* [Description of the task]
In the records below, begin at the line that has "Fototapeta Vibrant Rainbow" and stop after the line that has "Patriotic Star Paw"; quote those lines verbatim and nothing more.

* [Excerpted records]
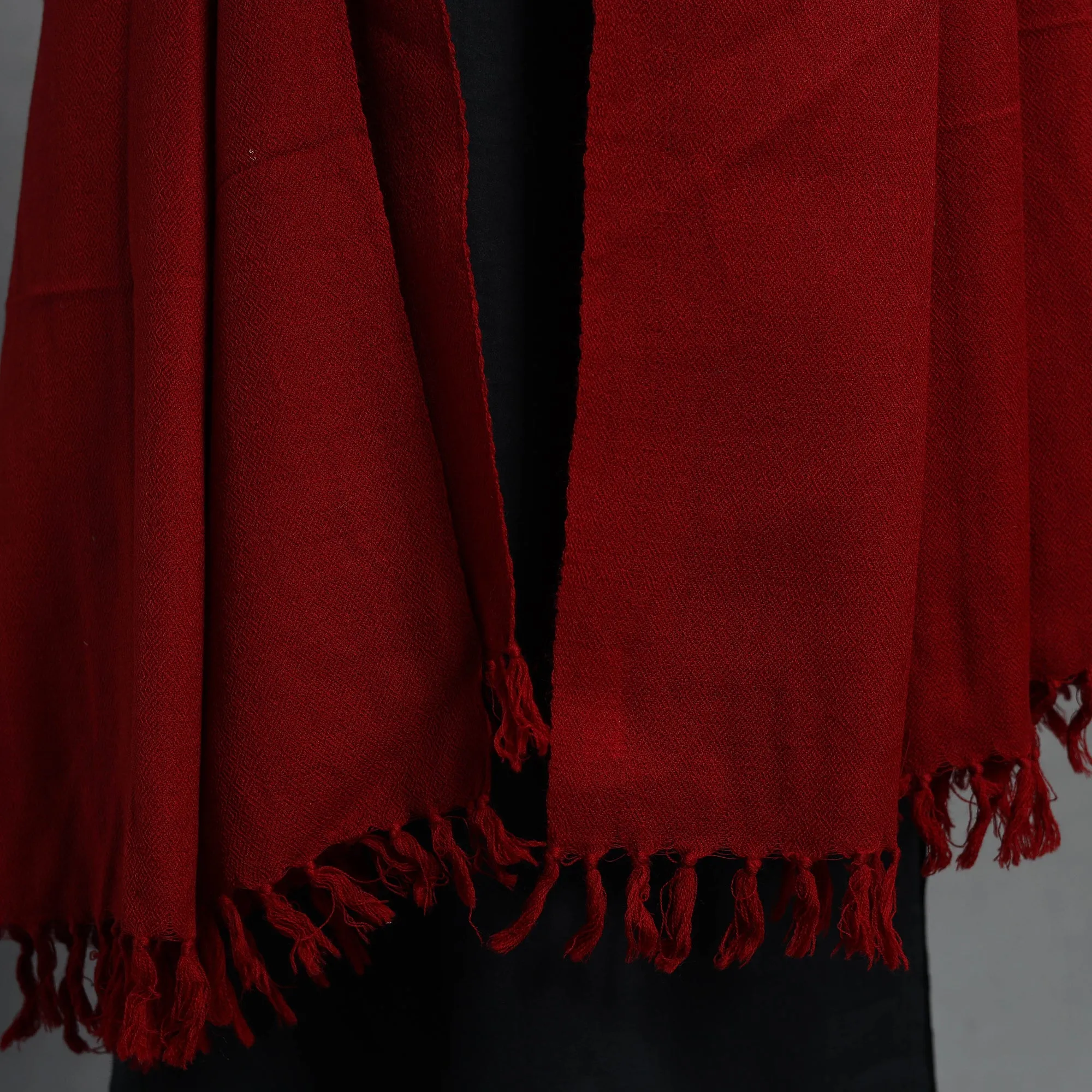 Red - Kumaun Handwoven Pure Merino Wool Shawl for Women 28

...

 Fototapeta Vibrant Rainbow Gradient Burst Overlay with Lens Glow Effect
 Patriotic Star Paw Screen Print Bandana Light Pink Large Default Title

* [Written solution]
 Fototapeta Vibrant Rainbow Gradient Burst Overlay with Lens Glow Effect
 Patriotic Star Paw Screen Print Bandana Light Pink Large Default Title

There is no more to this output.